One thing I strongly disagree with is telling teams that they cannot have creative or ambitious designs simply because they are a rookie team, inexperienced, poorly funded, etc. This rhetoric is so toxically present on this platform and throughout FRC it makes me sick, and it has got to stop. If a team is willing to put in the work, (and I mean a lot of work) they can build ambitious robots that compete at a high level. If you have the manpower and determination, you can learn and do most whatever you want in this world, even outside of FRC, and that’s a damn fact.
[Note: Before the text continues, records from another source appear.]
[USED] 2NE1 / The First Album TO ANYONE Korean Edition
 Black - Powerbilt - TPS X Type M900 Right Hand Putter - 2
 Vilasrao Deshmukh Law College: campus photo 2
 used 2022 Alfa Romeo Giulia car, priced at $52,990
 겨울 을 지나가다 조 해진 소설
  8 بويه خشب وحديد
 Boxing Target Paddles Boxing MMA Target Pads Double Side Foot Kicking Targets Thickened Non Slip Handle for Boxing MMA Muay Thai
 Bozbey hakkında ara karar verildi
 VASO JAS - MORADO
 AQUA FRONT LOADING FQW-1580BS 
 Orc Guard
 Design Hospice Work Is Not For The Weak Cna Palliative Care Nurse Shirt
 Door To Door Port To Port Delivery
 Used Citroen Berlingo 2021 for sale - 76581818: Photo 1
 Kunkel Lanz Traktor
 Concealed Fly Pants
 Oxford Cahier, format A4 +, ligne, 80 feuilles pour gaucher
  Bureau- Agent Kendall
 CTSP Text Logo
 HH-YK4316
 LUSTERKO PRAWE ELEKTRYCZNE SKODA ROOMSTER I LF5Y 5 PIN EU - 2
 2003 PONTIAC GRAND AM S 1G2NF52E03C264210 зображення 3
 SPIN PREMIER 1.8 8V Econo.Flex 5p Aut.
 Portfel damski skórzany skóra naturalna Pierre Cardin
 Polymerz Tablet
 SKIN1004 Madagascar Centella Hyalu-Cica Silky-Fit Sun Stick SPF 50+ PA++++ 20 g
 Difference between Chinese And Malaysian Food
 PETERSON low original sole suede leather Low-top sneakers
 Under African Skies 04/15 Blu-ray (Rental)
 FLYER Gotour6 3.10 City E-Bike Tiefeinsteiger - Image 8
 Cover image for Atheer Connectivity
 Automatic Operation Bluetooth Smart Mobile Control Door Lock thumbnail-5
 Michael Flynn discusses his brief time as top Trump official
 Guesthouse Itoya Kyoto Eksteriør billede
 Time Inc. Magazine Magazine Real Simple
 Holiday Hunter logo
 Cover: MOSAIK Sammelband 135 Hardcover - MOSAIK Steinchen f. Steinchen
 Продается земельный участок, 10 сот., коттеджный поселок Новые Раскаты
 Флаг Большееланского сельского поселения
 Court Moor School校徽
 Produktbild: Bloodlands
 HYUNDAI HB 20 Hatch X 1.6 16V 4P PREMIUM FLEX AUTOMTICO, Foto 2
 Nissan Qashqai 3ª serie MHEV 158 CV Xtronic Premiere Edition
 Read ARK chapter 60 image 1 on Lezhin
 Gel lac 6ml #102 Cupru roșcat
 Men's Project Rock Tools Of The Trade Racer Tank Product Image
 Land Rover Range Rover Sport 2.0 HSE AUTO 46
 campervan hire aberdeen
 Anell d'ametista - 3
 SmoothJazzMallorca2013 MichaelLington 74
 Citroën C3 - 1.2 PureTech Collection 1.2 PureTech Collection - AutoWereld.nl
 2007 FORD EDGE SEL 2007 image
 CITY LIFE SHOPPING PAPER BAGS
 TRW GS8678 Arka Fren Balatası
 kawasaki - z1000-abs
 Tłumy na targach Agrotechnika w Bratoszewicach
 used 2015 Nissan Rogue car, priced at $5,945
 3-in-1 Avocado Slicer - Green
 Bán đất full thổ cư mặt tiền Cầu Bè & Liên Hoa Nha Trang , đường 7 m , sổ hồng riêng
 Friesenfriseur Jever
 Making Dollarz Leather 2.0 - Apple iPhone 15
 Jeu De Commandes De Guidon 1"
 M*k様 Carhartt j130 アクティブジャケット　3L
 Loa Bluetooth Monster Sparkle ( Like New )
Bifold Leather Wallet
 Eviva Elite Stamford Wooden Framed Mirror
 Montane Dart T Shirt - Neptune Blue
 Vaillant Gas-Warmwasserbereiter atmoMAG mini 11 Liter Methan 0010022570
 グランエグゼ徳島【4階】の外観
It bothered me to no end when I was on WARPSPEED and they told me “you can’t start a Week 0 event and robotics hub, build a WCD for the first time, Powder coat your robot for the first time, rebrand the team, and fundraise 2X the amount of money as any previous season, all in the same year” then guess what, we did, and we did it all well, so well in fact that we were first time alliance captains in Duluth that year. The fact of the matter is if you have the drive, determination and willingness to sacrifice a good number of your waking hours to make your dreams and designs come true, they can, and they most likely will.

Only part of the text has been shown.